Roy Somtirtha, Radivojevic Tijana, Forrer Mark, Marti Jose Manuel, Jonnalagadda Vamshi, Backman Tyler, Morrell William, Plahar Hector, Kim Joonhoon, Hillson Nathan, Garcia Martin Hector
Lawrence Berkeley National Laboratory, Biological Systems and Engineering Division, Berkeley, CA, United States.
Department of Energy, Agile BioFoundry, Emeryville, CA, United States.
Front Bioeng Biotechnol. 2021 Feb 9;9:612893. doi: 10.3389/fbioe.2021.612893. eCollection 2021.
Biology has changed radically in the past two decades, growing from a purely descriptive science into also a design science. The availability of tools that enable the precise modification of cells, as well as the ability to collect large amounts of multimodal data, open the possibility of sophisticated bioengineering to produce fuels, specialty and commodity chemicals, materials, and other renewable bioproducts. However, despite new tools and exponentially increasing data volumes, synthetic biology cannot yet fulfill its true potential due to our inability to predict the behavior of biological systems. Here, we showcase a set of computational tools that, combined, provide the ability to store, visualize, and leverage multiomics data to predict the outcome of bioengineering efforts. We show how to upload, visualize, and output multiomics data, as well as strain information, into online repositories for several isoprenol-producing strain designs. We then use these data to train machine learning algorithms that recommend new strain designs that are correctly predicted to improve isoprenol production by 23%. This demonstration is done by using synthetic data, as provided by a novel library, that can produce credible multiomics data for testing algorithms and computational tools. In short, this paper provides a step-by-step tutorial to leverage these computational tools to improve production in bioengineered strains.

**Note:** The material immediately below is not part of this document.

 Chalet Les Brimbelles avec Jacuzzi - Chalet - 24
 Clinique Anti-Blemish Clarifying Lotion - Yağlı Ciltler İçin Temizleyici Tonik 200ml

在过去二十年中,生物学发生了根本性的变化,从一门纯粹的描述性科学发展成为一门兼具设计性的科学。能够精确修饰细胞的工具的出现,以及收集大量多模态数据的能力,开启了利用复杂生物工程生产燃料、特种化学品和大宗商品化学品、材料及其他可再生生物产品的可能性。然而,尽管有了新工具且数据量呈指数级增长,但由于我们无法预测生物系统的行为,合成生物学尚未充分发挥其真正潜力。在此,我们展示了一组计算工具,这些工具结合起来能够存储、可视化并利用多组学数据来预测生物工程努力的结果。我们展示了如何将多组学数据以及菌株信息上传、可视化并输出到在线存储库中,用于几种生产异戊二烯醇的菌株设计。然后,我们利用这些数据训练机器学习算法,这些算法推荐的新菌株设计经正确预测可将异戊二烯醇产量提高23%。此演示是通过使用一个新型库提供的合成数据完成的,该库能够生成可靠的多组学数据用于测试算法和计算工具。简而言之,本文提供了一个逐步教程,介绍如何利用这些计算工具来提高生物工程菌株的产量。